Following the filing of his statement of claim, Mr. Nelson provided a number of "updates" to his cult-like followers on various Internet message boards, and has appeared at one court hearing.
About three weeks ago, he submitted a lengthy affidavit to the Kelowna court. Unlike a usual affidavit, a sworn statement of fact, this ramble reads more like an amended statement of claim, that is, full of allegations, many repeated again and again. He furnished a copy of his affidavit to his online fans, using his familiar alias "Gus Jarvis." We review it below.
The SEC's lawsuit against the CMKM Diamonds perpetrators has left the company's cult-like shareholders unsatisfied. They believe they are owed large sums, though not by the actual perpetrators of the scam. These shareholders have found a fatter goose to pluck, and now demand to be "paid" by the SEC. Their earnest pleas (and constant grumbling) have resulted in the filing of two legal actions against the commission and its commissioners. Both actions are brim-full of conspiracy theories, the likes of which were a staple of the CMKM promotion.
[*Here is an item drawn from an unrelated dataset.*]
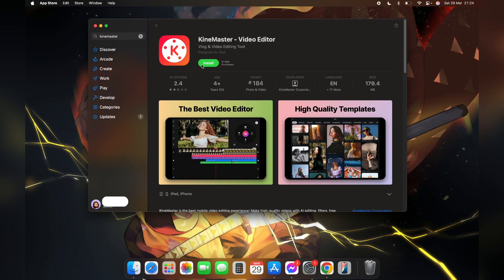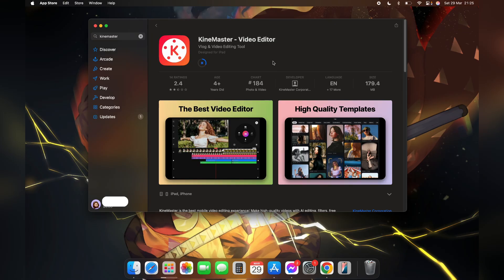Now again click on this install button. Now after the verification, your download will be started and it may take some time depending on your internet speed.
Mr. Nelson, a shareholder, self-filed his lawsuit on Nov. 6, 2009, at the Supreme Court of British Columbia in Kelowna. A. Clifton Hodges, a Pasadena lawyer, filed his, a class-action, on Jan. 8, 2010, in U.S. Federal Court.
The affidavit
In Mr. Nelson's affidavit, he swears that now he, not the CMKX Shareholders Coalition for Justice, is the plaintiff: "I am the Plaintiff in this proceeding and as such have personal knowledge of the matters and facts hereinafter deposed to, save where stated to be on information and belief and where so stated I verily believe the same to be true." It comprises a few facts and a great many beliefs.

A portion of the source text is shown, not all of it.